Francisco Alvarado and Robert Soffian at Shoebox Projects

Francisco Alvarado and Robert Soffian at Shoebox Projects. Photo credit: Kristine Schomaker.

Francisco Alvarado and Robert Soffian: Two Artists Riff at Shoebox Projects

By Genie Davis

Like two jazz musicians riffing off each other’s guitar licks, artists Francisco Alvarado and Robert Soffian created Coexistence, one terrific show at Shoebox Projects.

Shaping an installation from solo works and one insightful shared work, the two artists said they’d planned a conversation and exploration of new materials and techniques. That they accomplished that is a given, but Alvarado and Soffian provided something more, an insight into the work of two masters of their form. They created their work on site, inviting visitors and viewers in to watch them shaping works that defy the short weeks it took to make them. In their statement about the show, they say “meaning is in meeting.” Both artists are prolific on their own, but working in tandem, they were even more inspired.

At the closing reception, the artists invited viewers to use some of the same tools they did to create art, such as stamps, symbols, and an iPad. The inclusiveness of the show was not simply a literal interactive process, but one in which viewers wandered the tightly filled exhibition space taking in the plethora of color and form, absorbing the vivid images the way one lies on the beach in the sun – or used to, before we knew how terrible that was for us – enjoying the heat and the light.

Born in Ecuador, Alvarado says his work reflects “life experiences through…colorful abstractions.” Inspired by nature, travel, and flora and fauna, he uses vibrant colors and well-shaped patterns, working in a variety of mediums from acrylic paint to digital imaging. Some of the works on display at Shoebox Projects included pieces that combined painting and digital art. Alvarado works primarily in acrylic, and has said that he inserts texture in his work “by adding dots and lines…” noting that in his work he often creates “happy pieces,” some of which have the qualities of Matisse.

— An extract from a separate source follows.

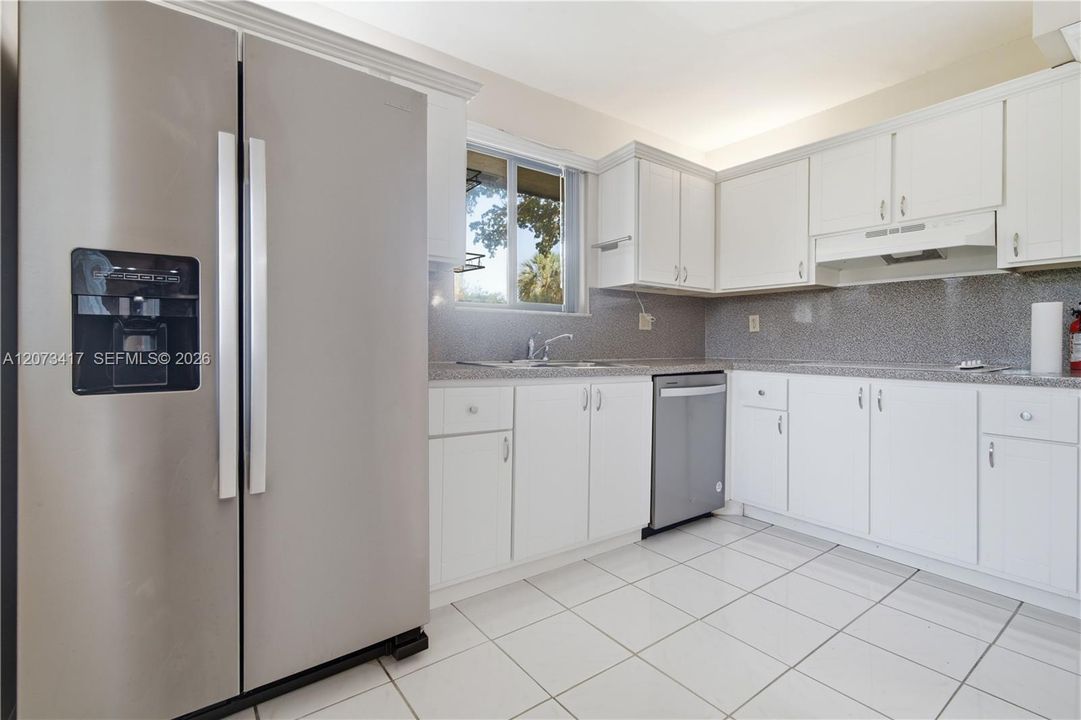For Rent: $2,300 (2 beds, 2 baths, 1235 Square Feet)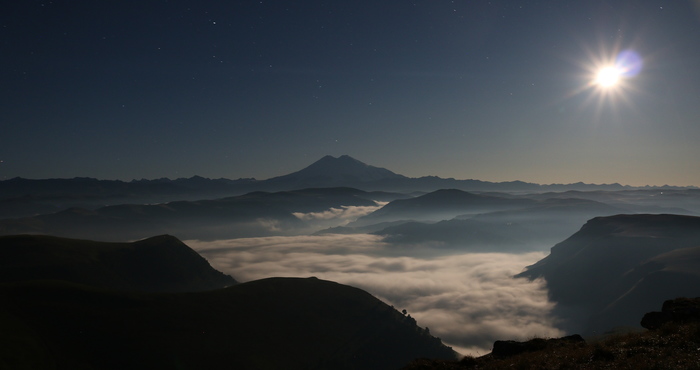 Elbrus... just Elbrus.... - My, Elbrus, The mountains, Night, Starry sky, dawn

His works are powerful and even daring.

Like Alvarado, Soffian uses bright colors and bold shapes, but his are perhaps more amorphous. He says he sees his art as a mythology and he creates his paintings as “psychic landscapes.” A former incarnation found Soffian working as a theater and lighting director for 40 years, and he finds himself still influenced by the idea of telling stories and visual improvisation, as well as a “negotiation between the formal qualities of paint and the conceptual.” The artist says that he wants to “paint things we all know or dream.” He works in a variety of formats, and has recently begun to incorporate elements of collage as well as oil, dye, and gouache.

The single shared work that Alvarado and Soffian created together for the show was accomplished in a true collaborative fashion: they each were allowed “15 minutes of work, no less, no more” on the piece, Alvarado says. The end result was an amalgam of colors and shapes, Soffian’s more swirled, delicate, almost transitional; Alvarado’s more fully formed and bright. It was a beautiful concoction, swirling with motion and overlapping forms. A rich peach color seems to grow, unruly, from a more stylized burgundy shape dotted with small golden circles; it is a gestation, a just-this-side of tumultuous universe being born.

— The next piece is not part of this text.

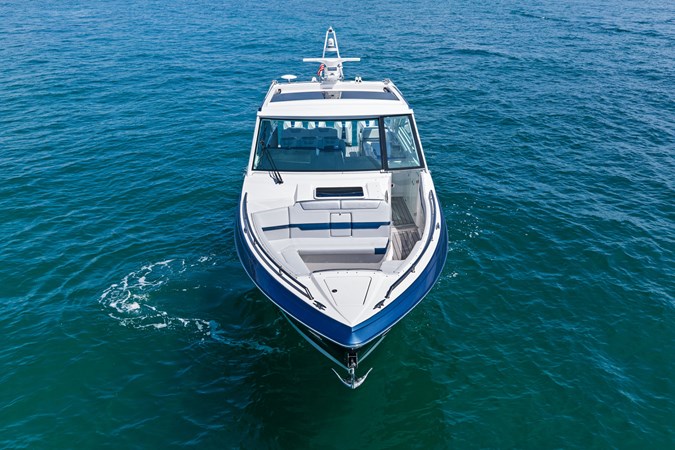 Photo of FORMULA Lady Champagne II 43'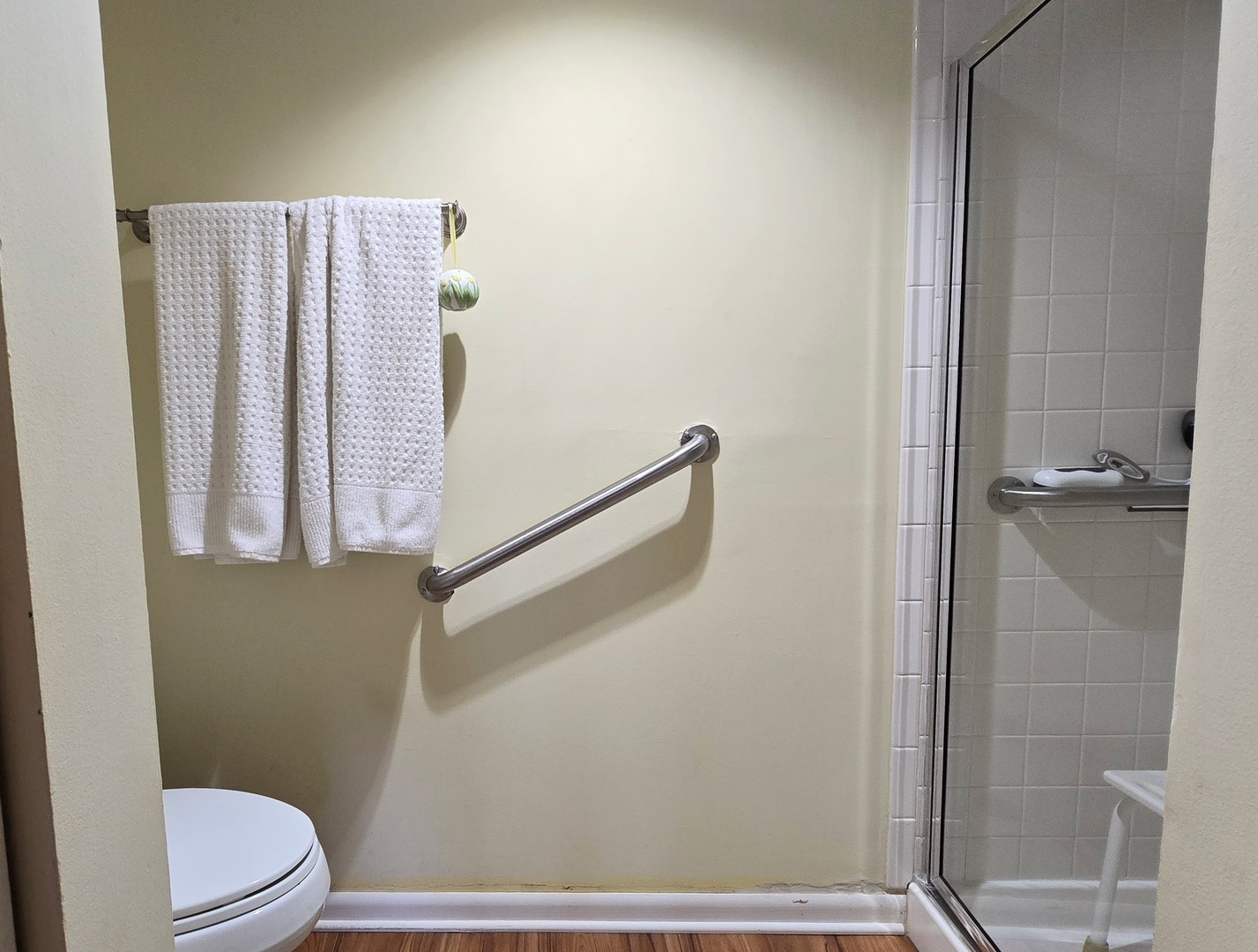 690 Chandler Road, Unit 408 Gurnee, IL 60031 - Photo 13 of 18 Gallery Image 13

Francisco Alvarado and Robert Soffian at Shoebox Projects. Photo credit: Kristine Schomaker.

An almost-mural sized work by Soffian dominated one wall of the exhibition, with figurative shapes emerging from the passionate and colorful disarray: a skinny black cat, a large reaching white hand. Every inch of this large-scale piece was crammed with motion and pattern, a quilt bursting with life.

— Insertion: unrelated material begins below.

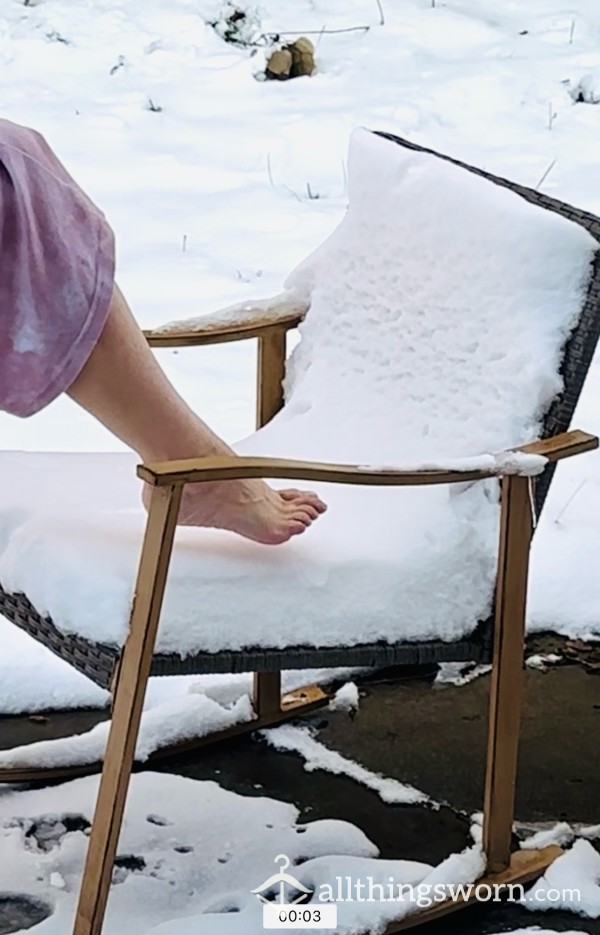 Feet Enter 5 Inches Of Snow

On the adjoining wall, Alvarado hung a series of works, a green tree ripe with light and dotted with what could be fruit; works that looked like close-ups of cacti and more alien plants, the green tongue of one plant, circled in rich midnight blue, covered with small pink circles, blazed against a yellow and hot-pink background. Above these images were hung a series of smaller digital works, formed using similar patterns, but more diminutive.

Opposite walls alternated the works of both artists; geometric patterns in predominantly gold and rose from Alvarado looked as if jazz rhythms were manifesting themselves on paper. Next to it, a piece by Soffian gave us alien life forms in grey and rich blue, while a curvy peach nude figure emerges near shapes that could be hieroglyphics.

This was a joyous show, and a complex one, with images that vibrated and pulsed with energy. Two very different artists, both visually depicting the music of life in their heads and hearts. A blissful duet.

Watch for the work of both these artists ahead, and don’t miss a show at Shoebox Projects, where transformations and collaborations – coexistences, perhaps –regularly take place.